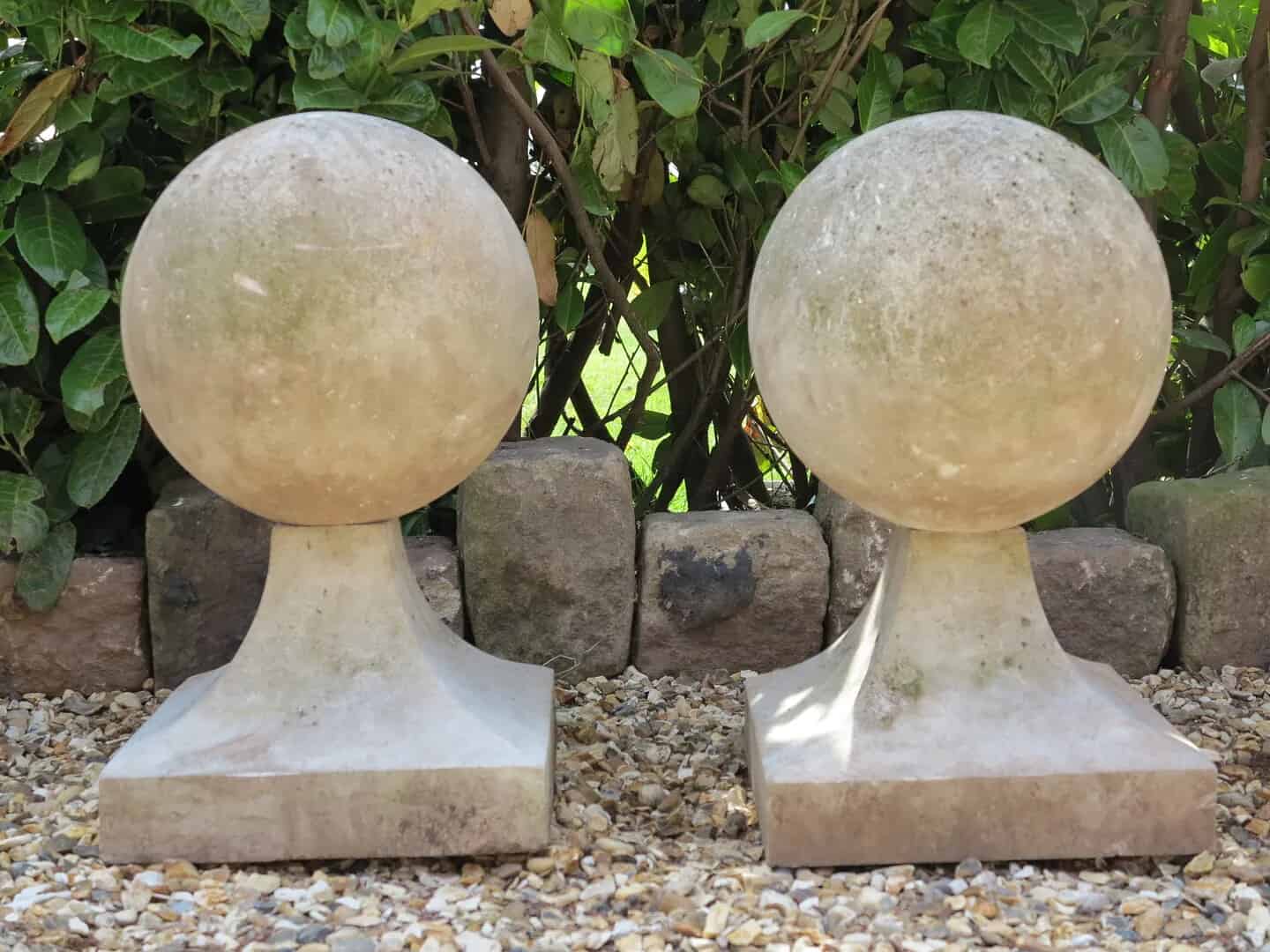 Pair of Gate Entrance Reconstituted Stone Ball Finials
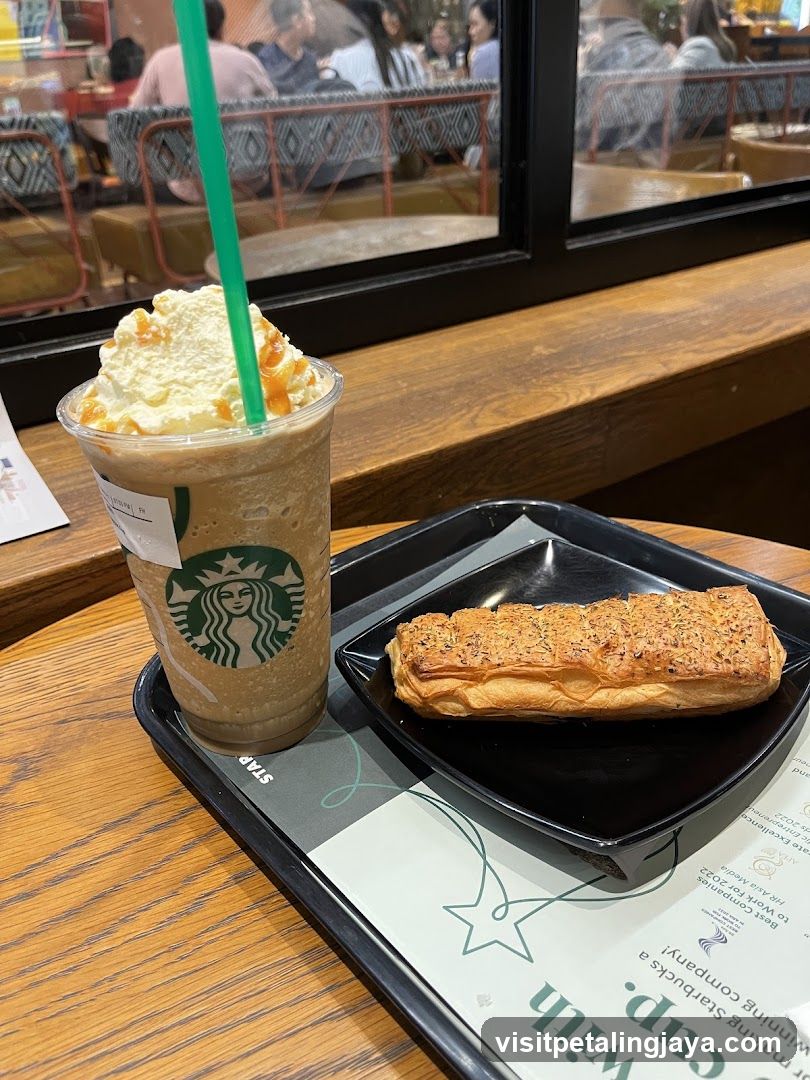 Starbucks Iced Drink and Pastry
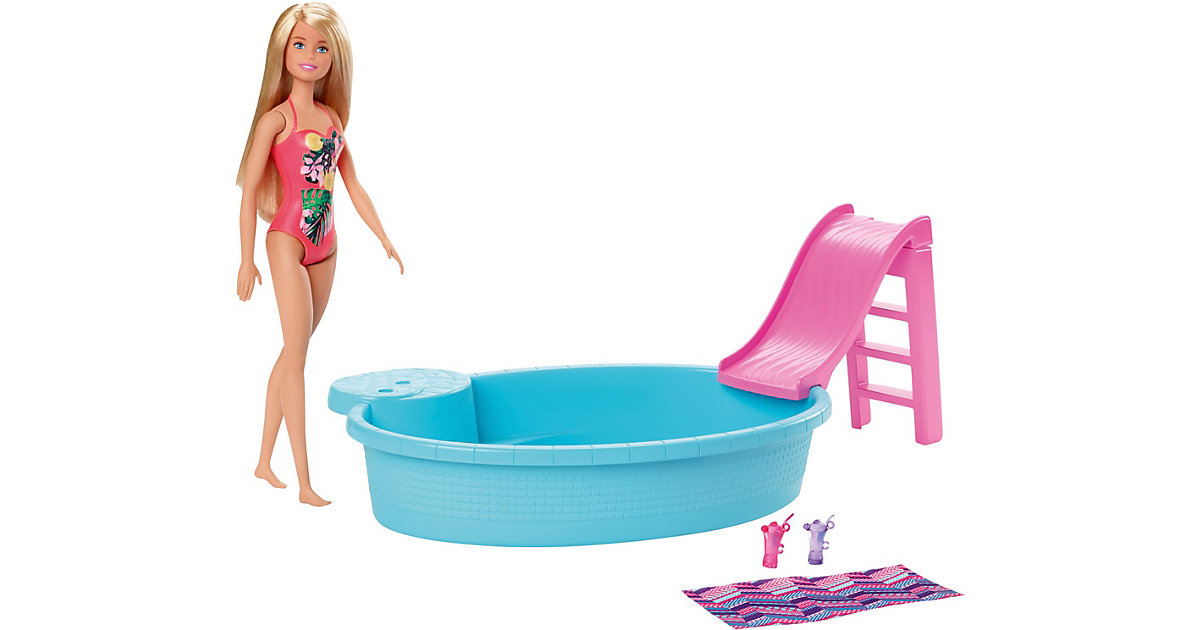 Barbie Pool Spielset mit Puppe (blond), Anziehpuppe, Barbie Möbel, Barbie Zubehör mehrfarbig von Mattel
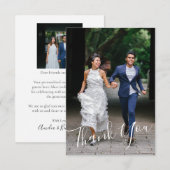 Minimale grafische kalligrafie Aangepast huwelijk  Bedankkaart (Voorkant / Achterkant)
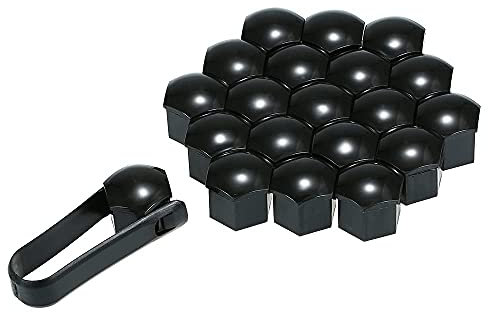 GaNkas 20 Stück 17mm 19mm Radschraubenkappen Reifenmutterabdeckungen für Toyota Highlander Urban Cruiser Hilux, Radmutterkappen Radschraube Mutterkappen Radmuttern Abdeckung,A-19MM/BLACK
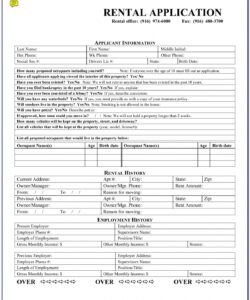 Best Rental Application Form Template Basic Word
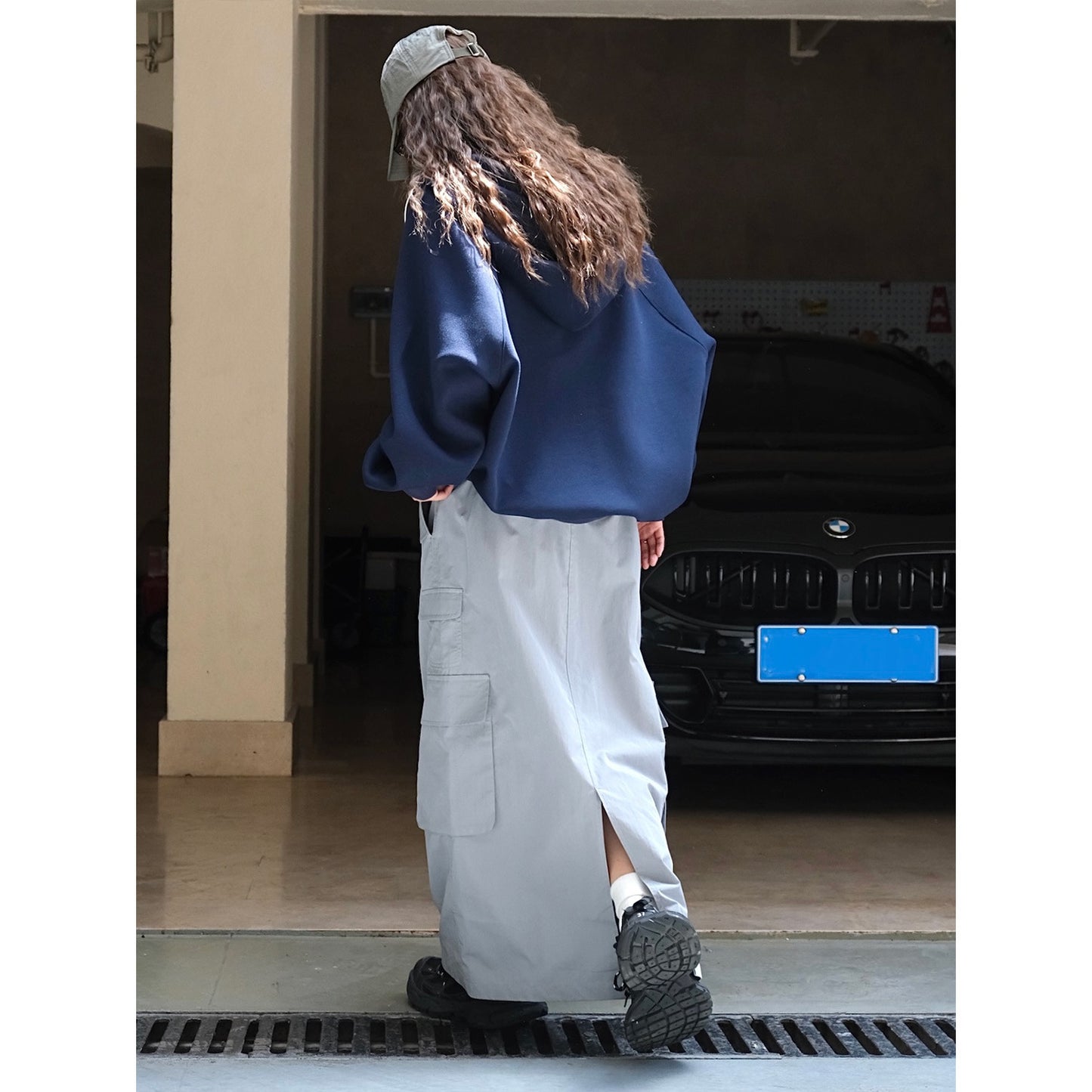Autumn new gray workwear style half skirt, soft and breathable H-version long skirt for women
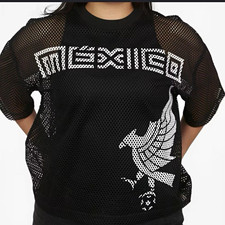 Mexico National Team Soccer Shirt M Black/White Mesh Officially Licensed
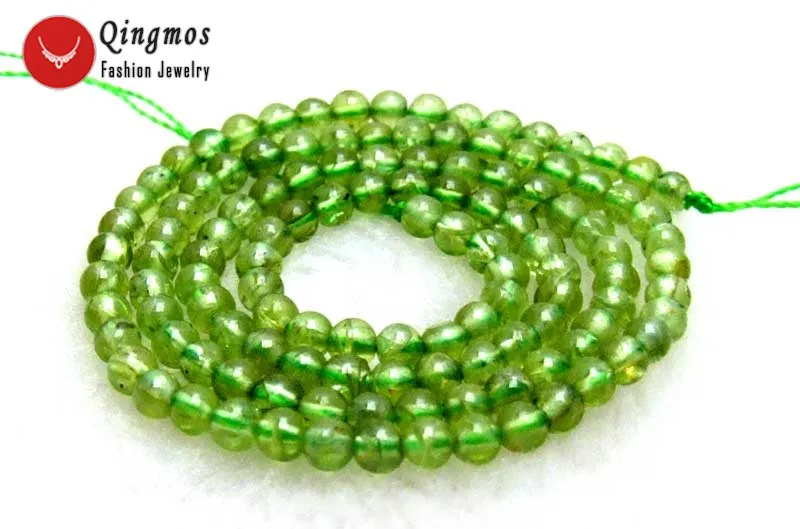 

Qingmos Natural 4mm Round Green Peridot Gem Stone Beads for Jewelry Making DIY Necklace Bracelet Strand 15" los655 Free shipping
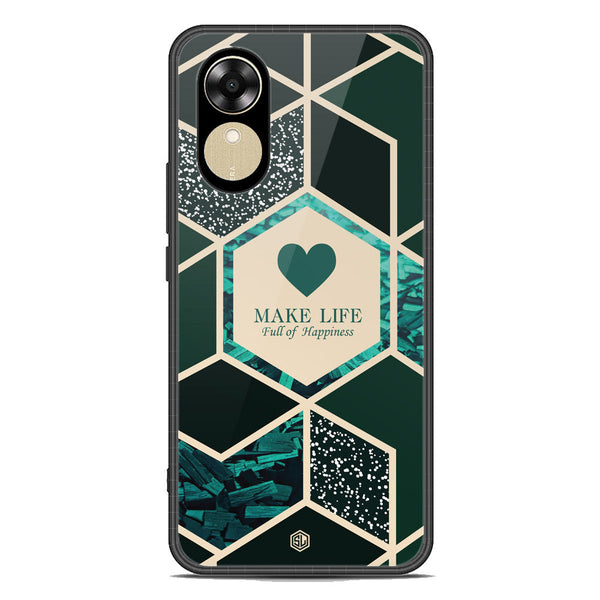 Happiness Series Soft Phone Case - Premium Glass Case - Design 4 - Oppo A17k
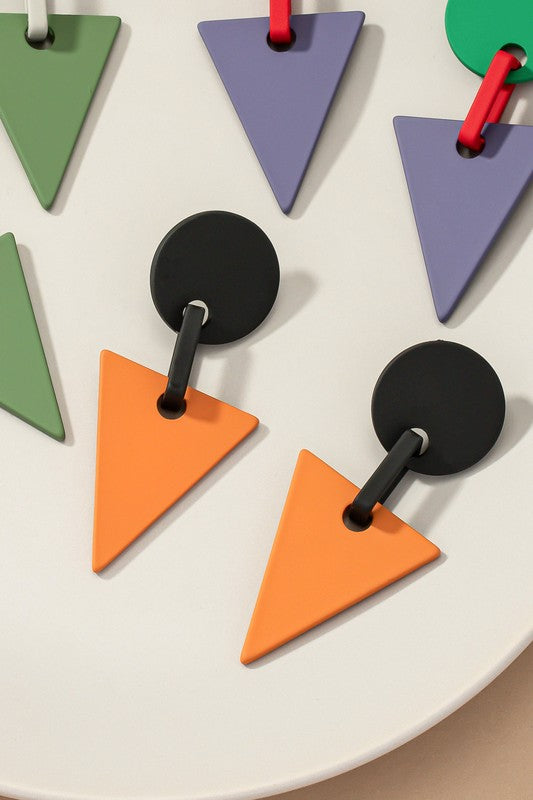 color coated geo shape drop earrings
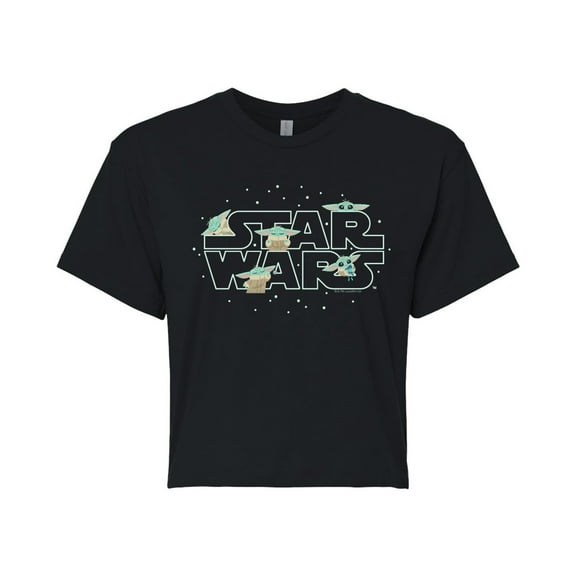 Star Wars - The Mandalorian Grogu Star Wars   - Juniors Cropped Short Sleeve Graphic T-Shirt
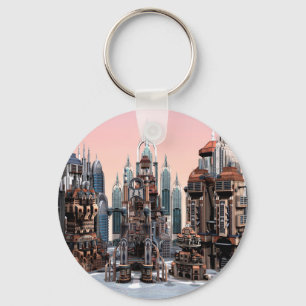Futuristische Fantasie Stad Sci-Fi Silhouette Kuns Sleutelhanger
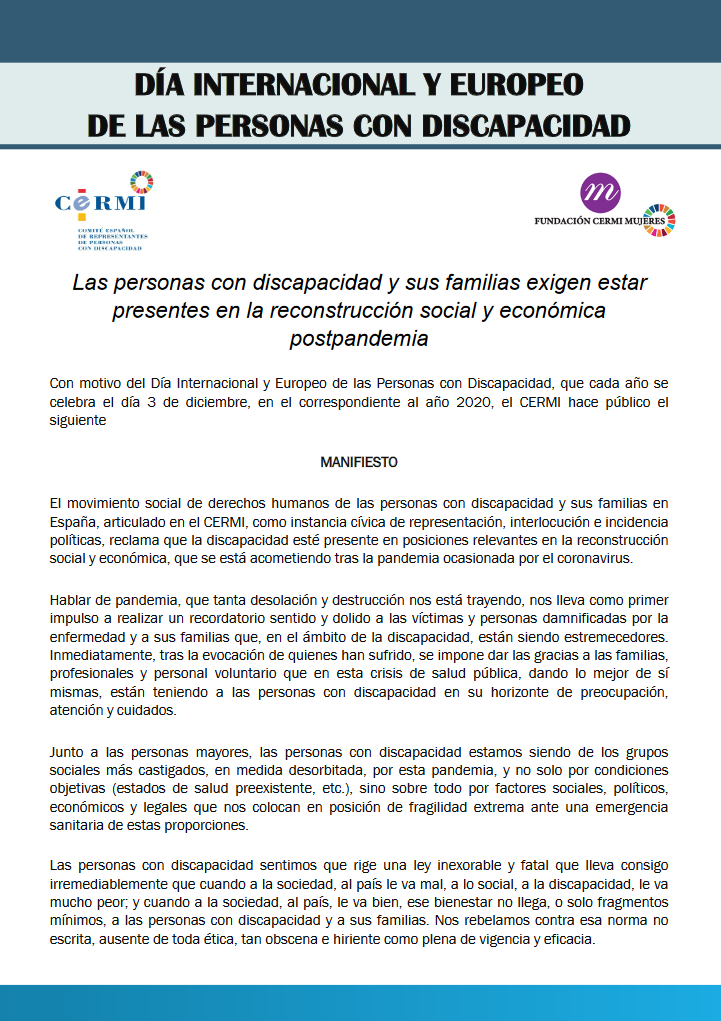 danocerebralE's tweet photo. Para dar comienzo al #DiaInternacionalDeLaDiscapacidad, compartimos el manifiesto de @Cermi_Estatal, en el que se reclama que la #discapacidad esté presente en la reconstrucción social y económica que se está acometiendo tras la pandemia de #COVID19.

#DiadelaDiscapacidad https://t.co/y0lSu33utZ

┄┄┄┄┄┄

**EXERCISE PROMPT:** What you return should match the material word for word, apart from the pictures.

**SOLUTION FOR THIS EXERCISE:**
 Pair of Gate Entrance Reconstituted Stone Ball Finials
 Starbucks Iced Drink and Pastry
 Barbie Pool Spielset mit Puppe (blond), Anziehpuppe, Barbie Möbel, Barbie Zubehör mehrfarbig von Mattel
 Minimale grafische kalligrafie Aangepast huwelijk  Bedankkaart (Voorkant / Achterkant)
 GaNkas 20 Stück 17mm 19mm Radschraubenkappen Reifenmutterabdeckungen für Toyota Highlander Urban Cruiser Hilux, Radmutterkappen Radschraube Mutterkappen Radmuttern Abdeckung,A-19MM/BLACK
 Best Rental Application Form Template Basic Word
Autumn new gray workwear style half skirt, soft and breathable H-version long skirt for women
 Mexico National Team Soccer Shirt M Black/White Mesh Officially Licensed

Qingmos Natural 4mm Round Green Peridot Gem Stone Beads for Jewelry Making DIY Necklace Bracelet Strand 15" los655 Free shipping
 Happiness Series Soft Phone Case - Premium Glass Case - Design 4 - Oppo A17k
 color coated geo shape drop earrings
 Star Wars - The Mandalorian Grogu Star Wars   - Juniors Cropped Short Sleeve Graphic T-Shirt
Futuristische Fantasie Stad Sci-Fi Silhouette Kuns Sleutelhanger
 danocerebralE's tweet photo. Para dar comienzo al #DiaInternacionalDeLaDiscapacidad, compartimos el manifiesto de @Cermi_Estatal, en el que se reclama que la #discapacidad esté presente en la reconstrucción social y económica que se está acometiendo tras la pandemia de #COVID19.

#DiadelaDiscapacidad https://t.co/y0lSu33utZ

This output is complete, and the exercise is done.